Time: Tuesday, May 8 (half-day, afternoon, 1:30pm to 5:00pm)
We will study machine learning and associated numerical techniques to automatically learn ranking functions for entities represented as feature vectors as well as nodes in a social network. In the feature-vector scenario, an entity, e.g., a document x, is mapped to a feature vector in a d-dimensional space, and we have to search for a weight vector. This case corresponds to Information Retrieval in the vector space model. Training data consists of a partial order of preference among entities. We will study recent Bayesian and maximum-margin approaches to solving this problem, including recent efficient linear-time approximate algorithms. We will consider various ranking performance measures and how some of them create complications for learning algorithms. In the graph node ranking scenario, we will briefly review Pagerank, generalize it to arbitrary Markov conductance matrices, and consider the problem of learning conductance parameters from partial orders between nodes. In another class of formulation, the graph does not establish Pagerank or prestige-flow relationships between nodes, but encourages a certain smoothness between the scores of neighboring nodes. Some of these techniques have been used by Web search companies with very large query logs. We will review some of the issues and experience with applying the theory to practical systems. If time permits, we will look at general connections between score stability as against rank stability, and the connection between the stability of a score/rank-learning algorithm and its power to generalize to unforeseen test data.

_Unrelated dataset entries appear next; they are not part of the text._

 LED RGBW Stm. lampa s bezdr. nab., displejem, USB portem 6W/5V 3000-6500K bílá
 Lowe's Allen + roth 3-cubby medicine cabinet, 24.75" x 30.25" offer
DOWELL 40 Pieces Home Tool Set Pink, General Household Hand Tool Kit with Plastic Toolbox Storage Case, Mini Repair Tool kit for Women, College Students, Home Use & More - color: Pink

Basic vector algebra and calculus, basic knowledge of Web and search (prerequisite books and survey papers will be posted in advance).
Presenter: Soumen Chakrabarti (Indian Institute of Technology, Bombay)

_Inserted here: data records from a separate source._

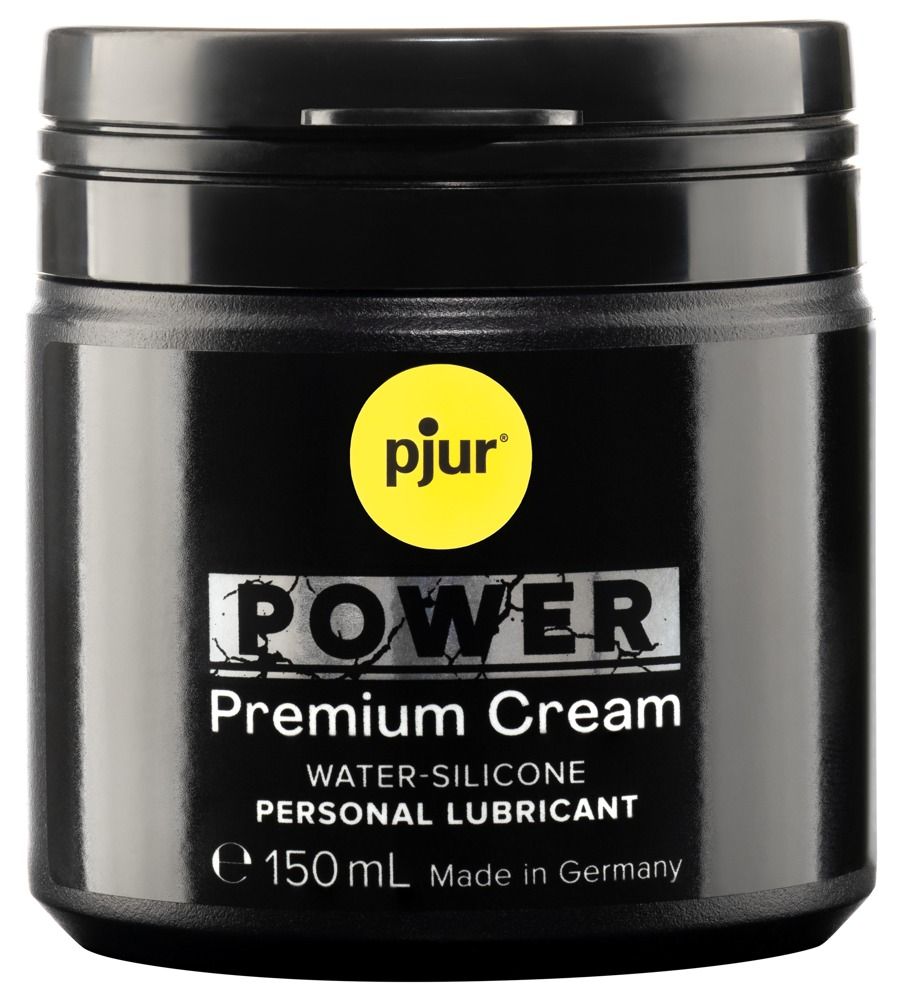 Schwarze Dose mit gelbem Deckel. Aufschrift: pjur, POWER Premium Cream, Personal Lubricant. 150 ml. Made in Germany.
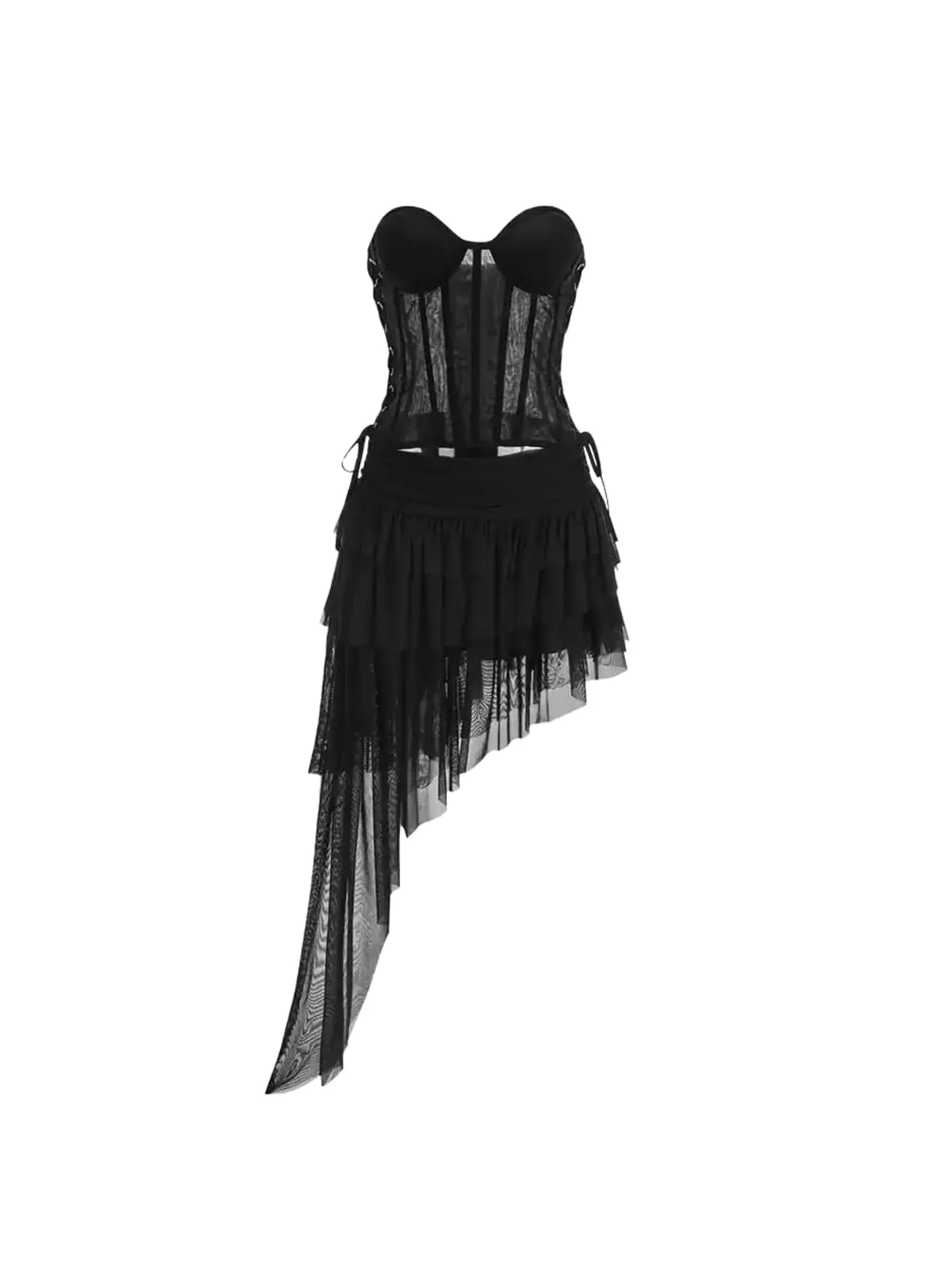 Cipher Strapless Lace Up Mesh Skirt Set sold by Mew Mews product image thumbnail 3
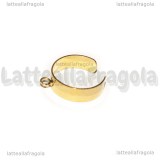 Base Anello regolabile in Acciaio Inox Dorato fascia con anellino per charms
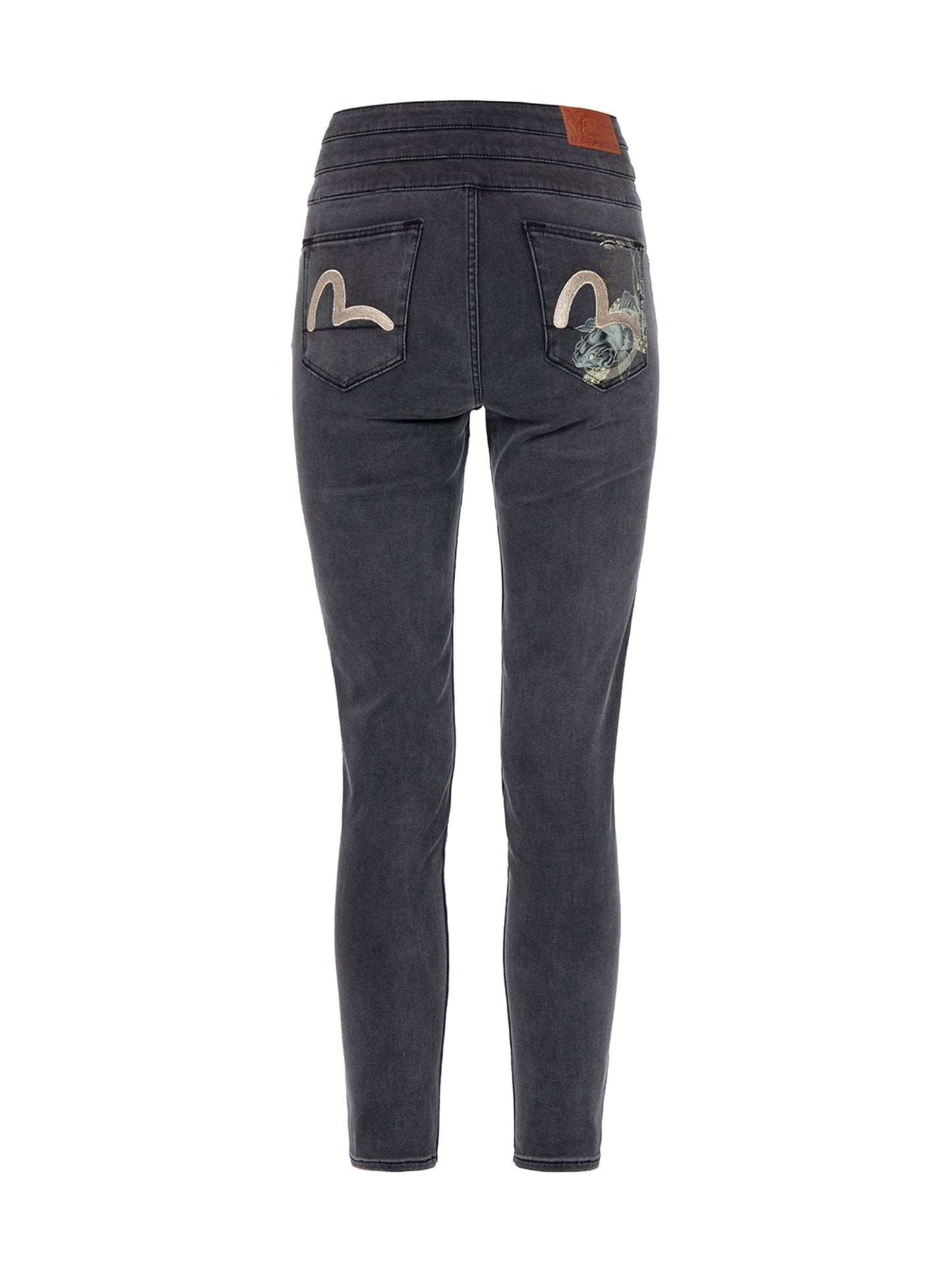 Koi Print and Seagull Embroidery Super High-Waist Skinny Jeans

Soumen Chakrabarti received his B.Tech in Computer Science from the Indian Institute of Technology Kharagpur in 1991 and his M.S. and Ph.D. in Computer Science from the University of California, Berkeley in 1992 and 1996. At Berkeley he worked on compilers and runtime systems for running scalable parallel scientific software on message passing multiprocessors.

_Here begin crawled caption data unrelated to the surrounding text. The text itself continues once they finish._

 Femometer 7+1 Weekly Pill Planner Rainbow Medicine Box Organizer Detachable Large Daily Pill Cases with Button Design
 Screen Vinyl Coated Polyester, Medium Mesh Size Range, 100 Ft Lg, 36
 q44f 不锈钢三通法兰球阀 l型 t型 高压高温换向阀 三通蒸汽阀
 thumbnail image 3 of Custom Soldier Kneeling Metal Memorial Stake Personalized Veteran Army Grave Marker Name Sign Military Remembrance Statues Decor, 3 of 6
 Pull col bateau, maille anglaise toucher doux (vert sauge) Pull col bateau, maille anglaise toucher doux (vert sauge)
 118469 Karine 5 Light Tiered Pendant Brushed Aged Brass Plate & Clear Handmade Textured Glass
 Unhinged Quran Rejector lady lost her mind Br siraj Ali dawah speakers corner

He was a Research Staff Member at IBM Almaden Research Center from 1996 to 1999, where he worked on the CLEVER Web search project and led the Focused Crawling project.
In 1999 he joined the Department of Computer Science and Engineering at the Indian Institute of Technology, Bombay, where he has been an Associate professor since 2003. In Spring 2004 he was Visiting Associate professor at Carnegie-Mellon University.
He has published in the WWW, SIGIR, SIGKDD, SIGMOD, VLDB, ICDE, SODA, STOC, SPAA and other conferences as well as Scientific American, IEEE Computer, VLDB and other journals. He holds eight US patents on Web-related inventions. He has served as technical advisor to search-related companies and vice-chair or program committee member for WWW, SIGIR, SIGKDD, VLDB, ICDE, SODA and other conferences, and guest editor or editorial board member for DMKD and TKDE journals. He is also author of a book on Web Mining.
His current research interests include integrating, searching, and mining text and graph data models, exploiting types and relations in search, and Web graph and popularity analysis.